Ohio law further states:

A person under 21 years of age is considered to be under the influence if his or her blood alcohol concentration (BAC) exceeds 0.02%.
Any person who operates a vessel, water skis, or similar device shall be deemed to have given consent to a chemical test or tests of their blood, breath, or urine to determine alcohol or drug content if arrested.
If a person under arrest refuses to submit to a chemical test, the person is prohibited from operating a vessel or water skis or from registering a vessel for a one-year period.
If the person is the owner of the vessel, the registration certificate and tags will be impounded for a one-year period.

Ohio courts impose serious penalties for operating under the influence of alcohol or drugs. Those found guilty can be charged with large fines and may face jail time.
*Incapacitated Operators Prohibited (ORC 1547.12) *

a passenger can have an open container but the operator cant be or have been drinking and be past the limit.


----------



## luredaddy (May 25, 2004)

"a passenger can have an open container but the operator cant be or have been drinking and be past the limit."

Thanks for the replies. Catfishhunter33, are these your words or from the ORC?? Thanks, John


----------



## Gju42486 (Mar 7, 2005)

OPERATOR/NAVIGATOR must be under .08 on Lake Erie.


----------



## peple of the perch (Sep 13, 2004)

The operator of the boat is not allowed to have any alcohol in his or her system. Many people believe that it only applies above the legal limit of .08&#37;
But if you have any alcohol you can be charged with being under the influence.


----------



## boatnut (Nov 22, 2006)

peple of the perch said:


> The operator of the boat is not allowed to have any alcohol in his or her system. Many people believe that it only applies above the legal limit of .08%
> But if you have any alcohol you can be charged with being under the influence.



here is the law that i copied and pasted from ODNR website. It seems to contradict what you say.

Operating Under the Influence of Alcohol or Drugs Prohibited/Testing
(ORC 1547.11 ; ORC 1547.111)
No person shall operate or be in physical control of any vessel underway, or manipulate any water skis or similar device if the person is under the influence of alcohol and/or drugs. A person is in violation with a concentration of 0.08 or more Blood Alcohol Content (BAC). 

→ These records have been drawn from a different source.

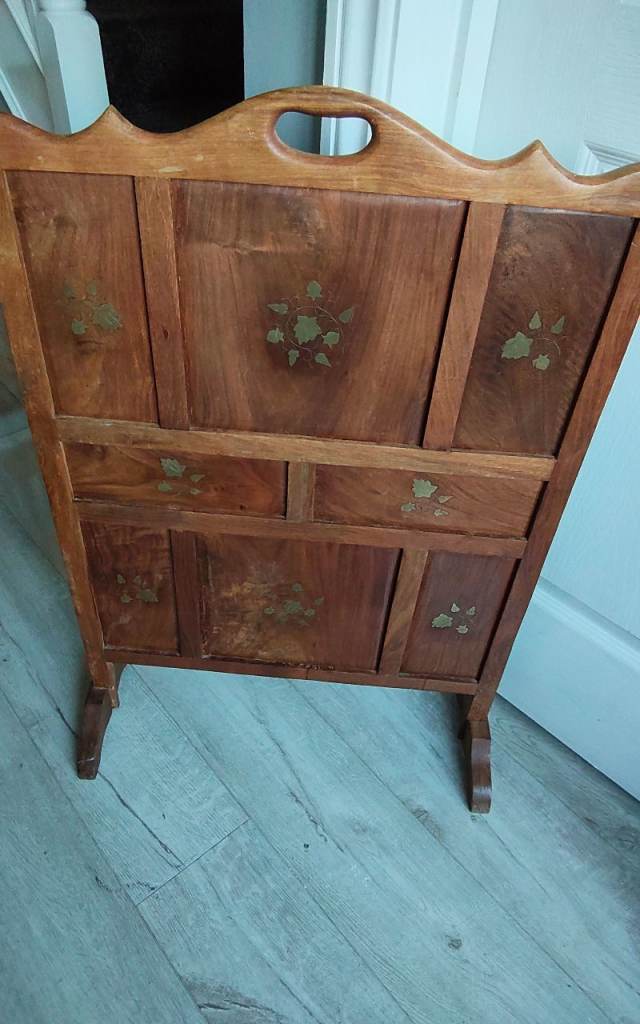 Vintage solid wood arts and crafts fire screen 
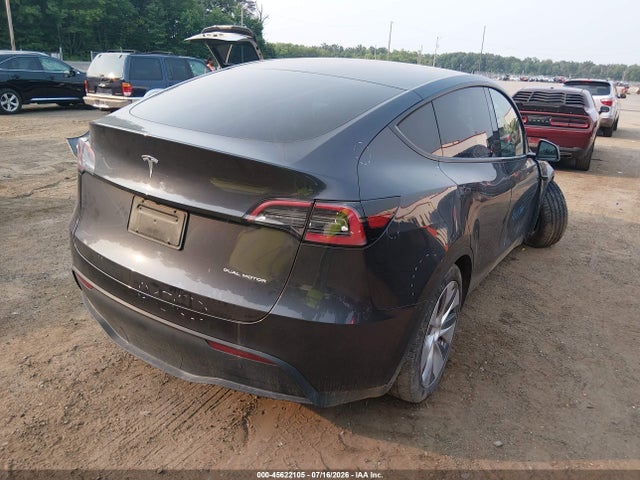 2024 Tesla Model Y Long Range Dual Motor All-wheel Drive მანქანა იყიდება აუქციონზე, vin: 7SAYGDEE7RA221152, აუქციონის ნომერი: 45622105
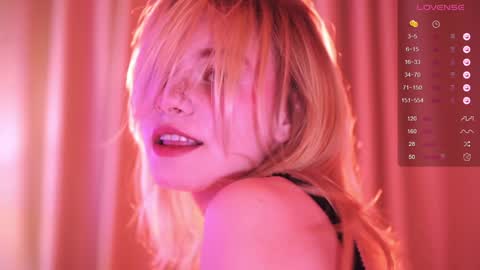 Snapshot of howimeturmum chatting on 12/29/24, 10:23 ash. see u on sunday online show from 12/29/24, 10:23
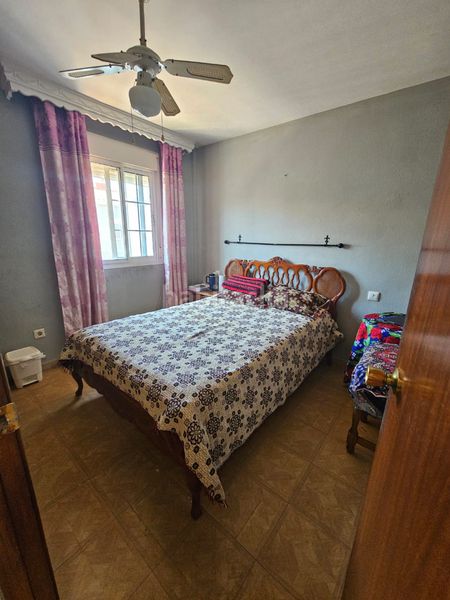 Foto b621cef6-9e7b-4693-a785-7233d70326e6. Casa a calle san josé 76 a Huerta Fava-Santiago Línea de la Concepción (La)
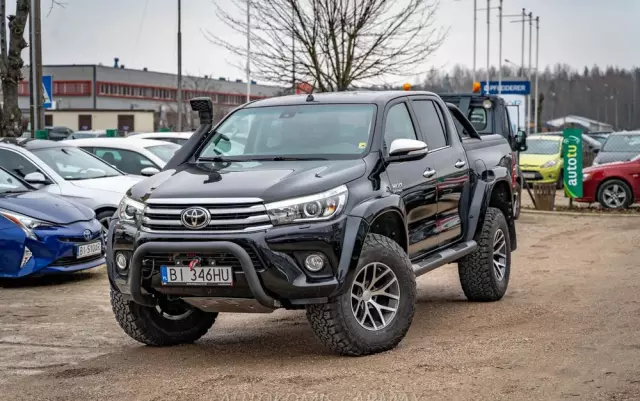TOYOTA Hilux 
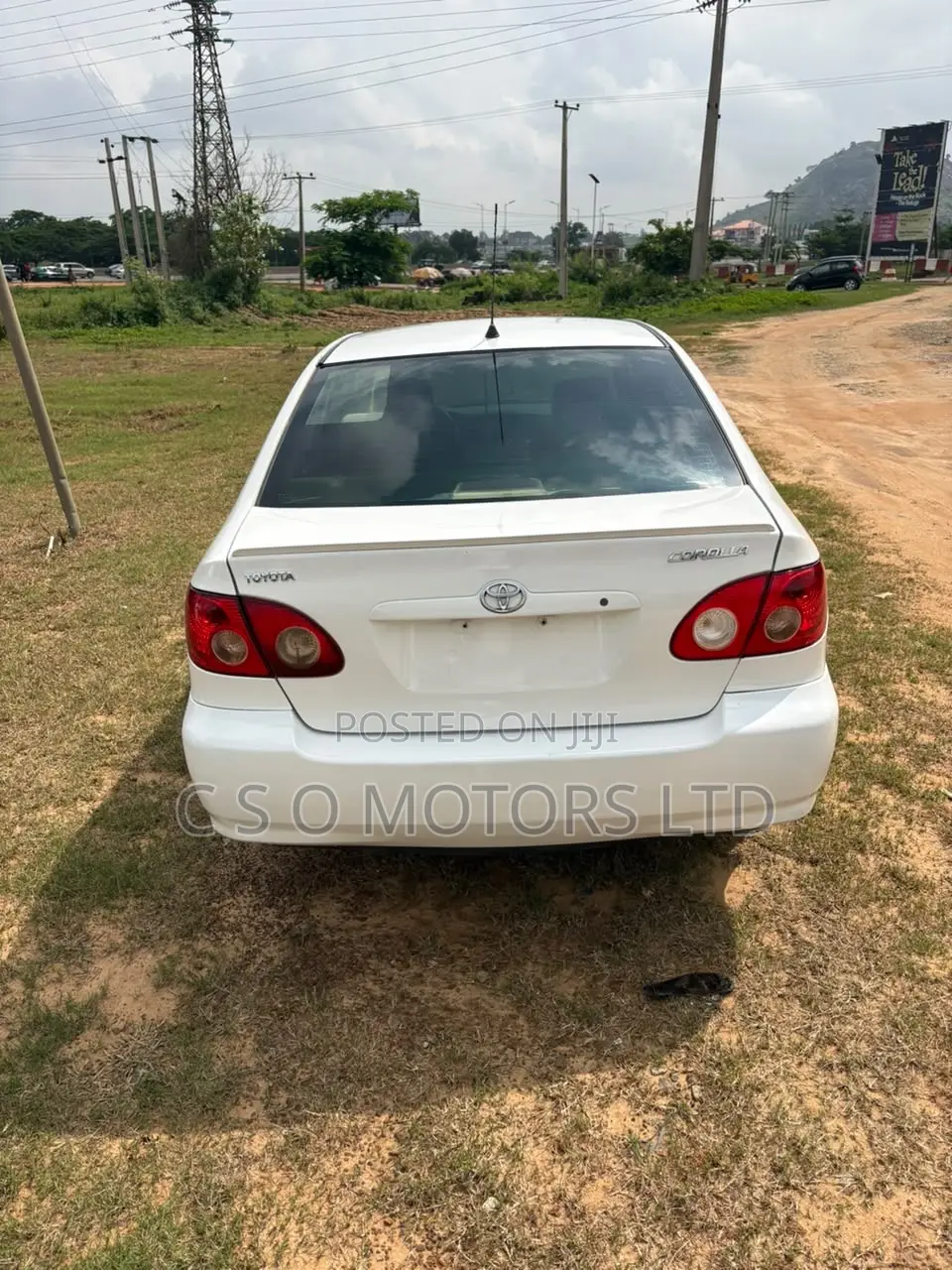Toyota Corolla LE 2006 White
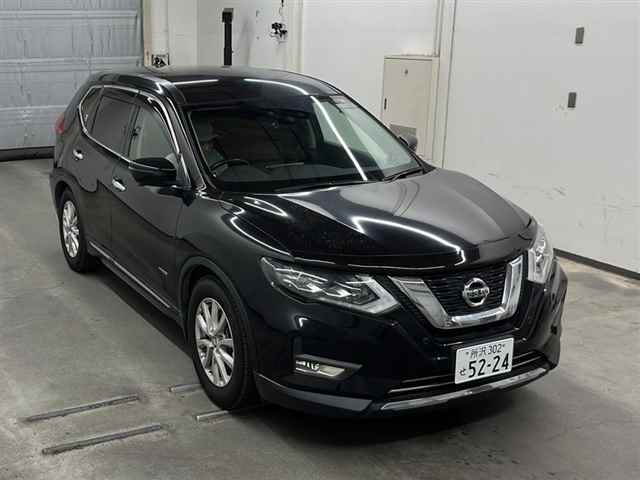 Import and buy NISSAN X-TRAIL 2018 from Japan to Nairobi, Kenya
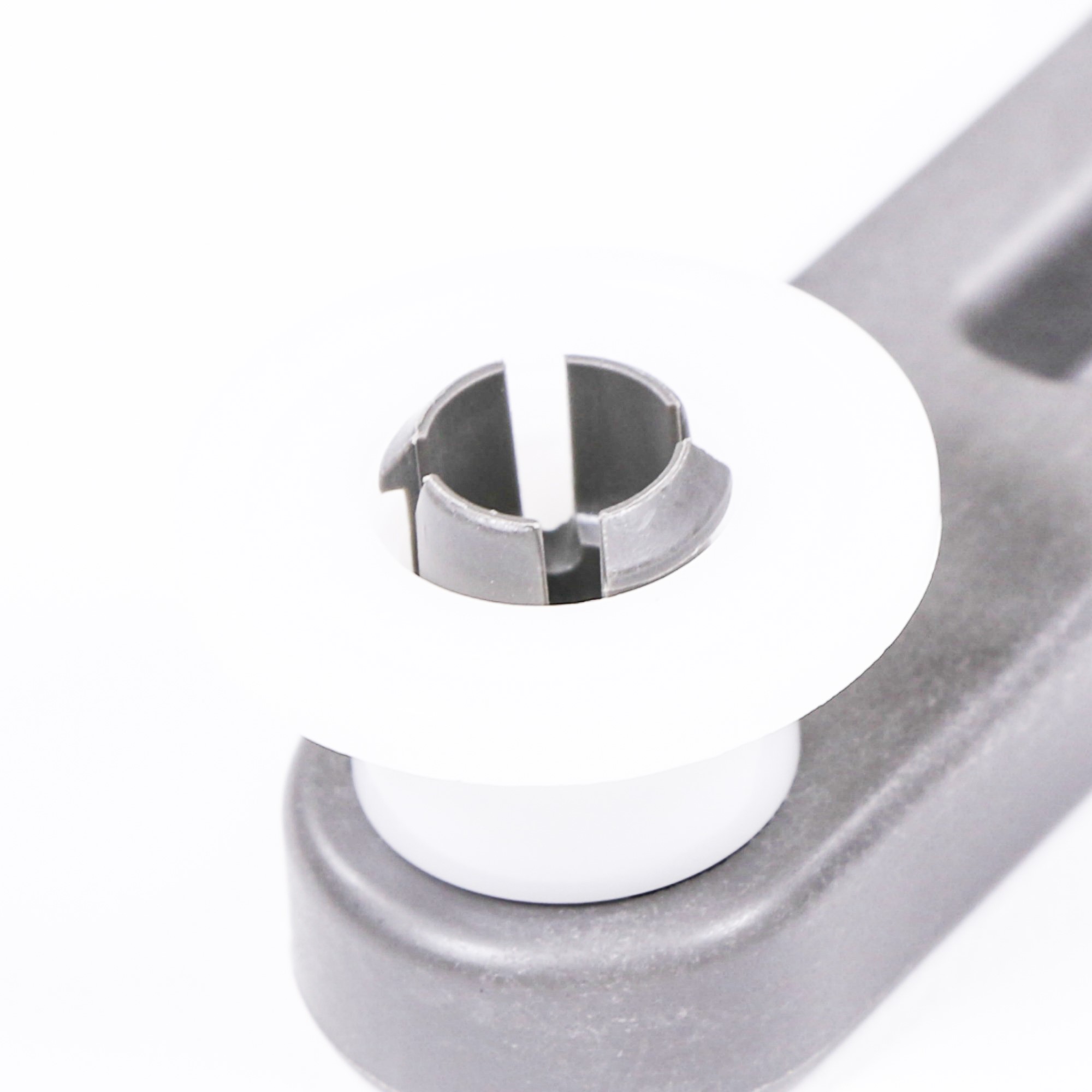 WPW10571738 Whirlpool Dishwasher Upper Dishrack Roller Assembly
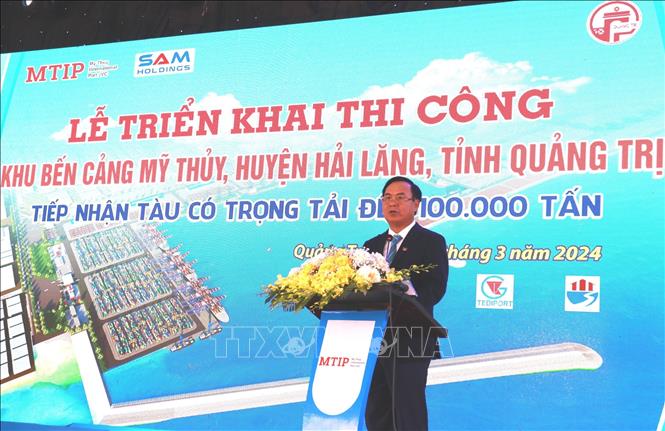 Chủ tịch UBND tỉnh Quảng Trị Võ Văn Hưng phát biểu tại Lễ triển khai thi công dự án. Ảnh: Nguyên Lý-TTXVN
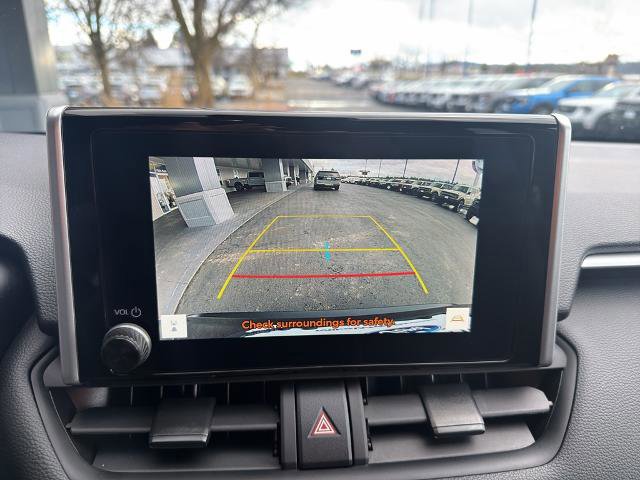 Used 2025 Toyota RAV4 LE image 24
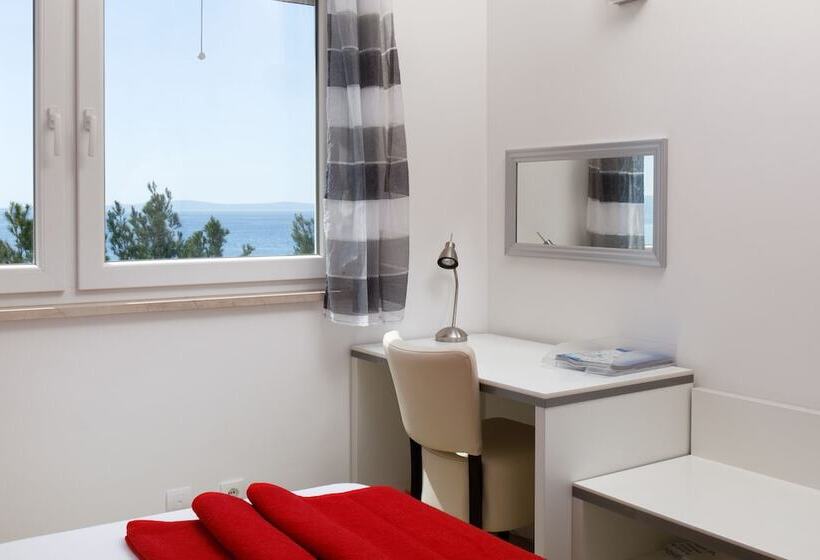 Ark Beach Apartments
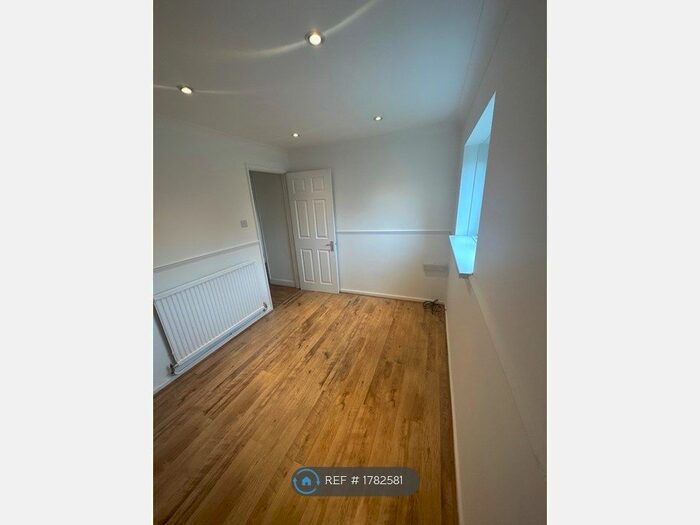 2 Bedroom Flat To Rent In Harlow, Harlow, CM20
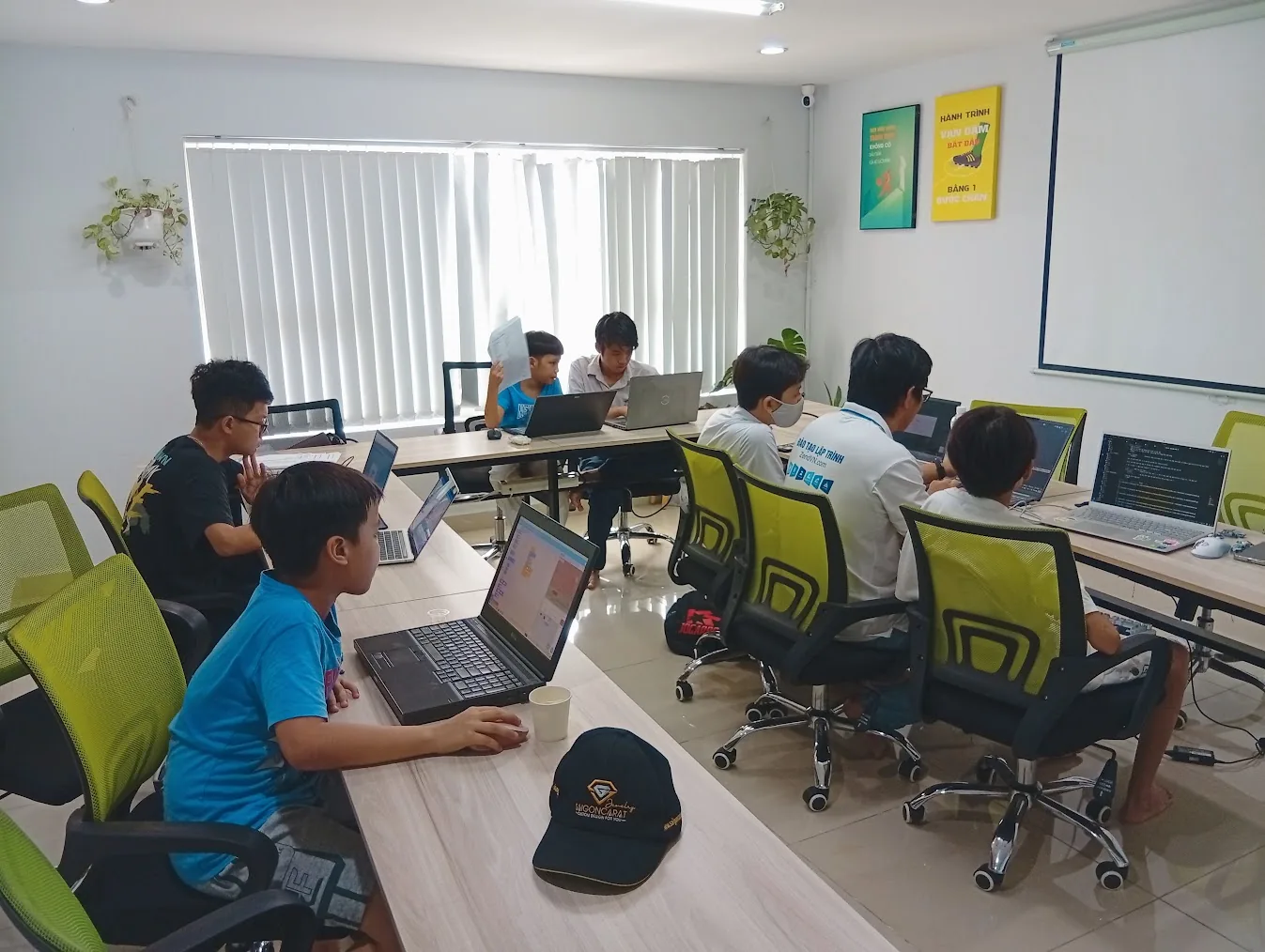 Hình ảnh lớp học Python tại ConCanCode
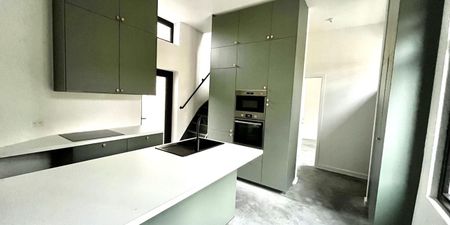 Huis te huur in Gent voor € 1.500 met 3 slaapkamers - Photo 3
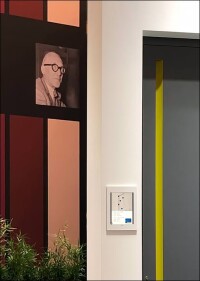 Nun auch Fenster, Türen und Fassaden in „Les Couleurs® Le Corbusier“-Farben möglich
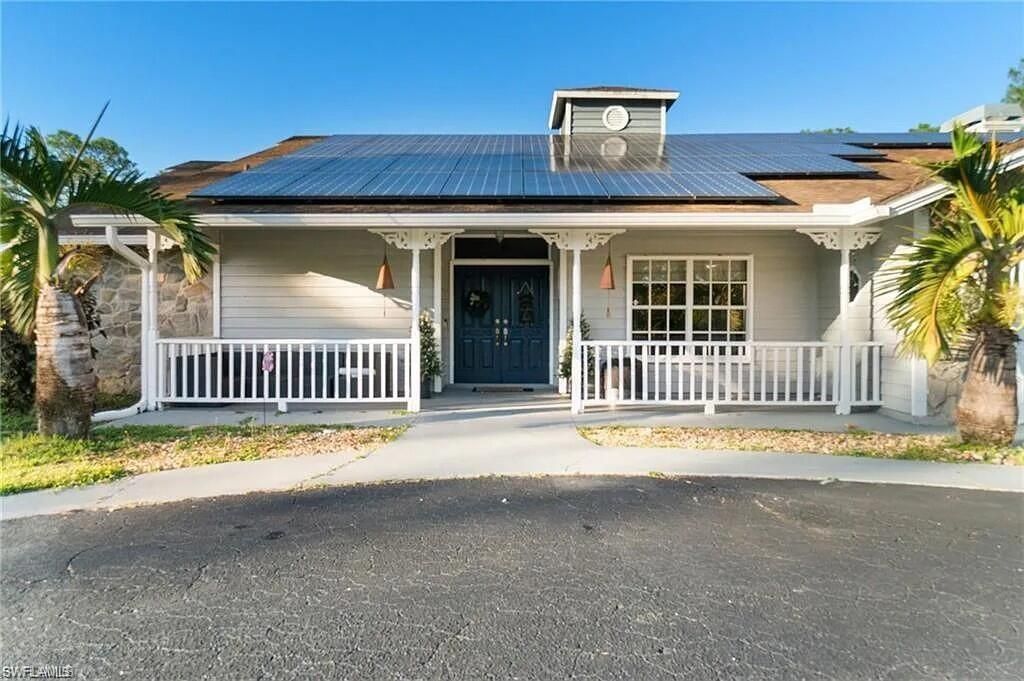 6011 Sea Grass Ln, Naples, FL 34116 Photo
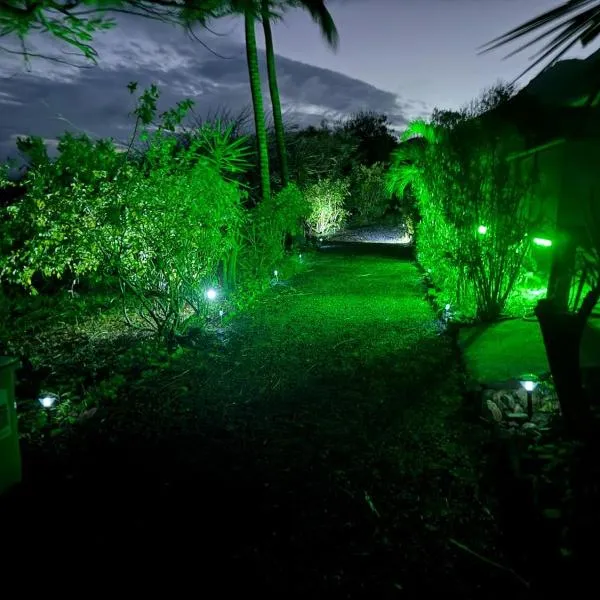 Gîtes du Baobab, hotel v destinaci La Désirade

NOTE: Legal limit for persons under 21 years of age is 0.02 Blood Alcohol Content (BAC).

Any person who operates a vessel, water skis or similar device shall be deemed to have given consent to a chemical test or tests of their blood, breath, or urine to determine alcohol or drug content if arrested. If a person under arrest refuses to submit to a chemical test the person is prohibited from operating a vessel or water skis or from registering a vessel for a one-year period. If the person is the owner of the vessel the registration certificate and tags will be impounded for a one-year period.


It is illegal to consume alcohol in most state parks including state controlled lakes and waterways but the Ohio River and Lake Erie are excluded.


----------



## Snakecharmer (Apr 9, 2008)

boatnut said:


> It is illegal to consume alcohol in most state parks including state controlled lakes and waterways but the Ohio River and Lake Erie are excluded.


Does that mean I can't have a brewski on Mosquito or west Branch? Bummer...


----------



## catfishhunter33 (Apr 6, 2004)

quote
your words or from the ORC??
a passenger can have an open container but the operator cant be or have been drinking and be past the limit.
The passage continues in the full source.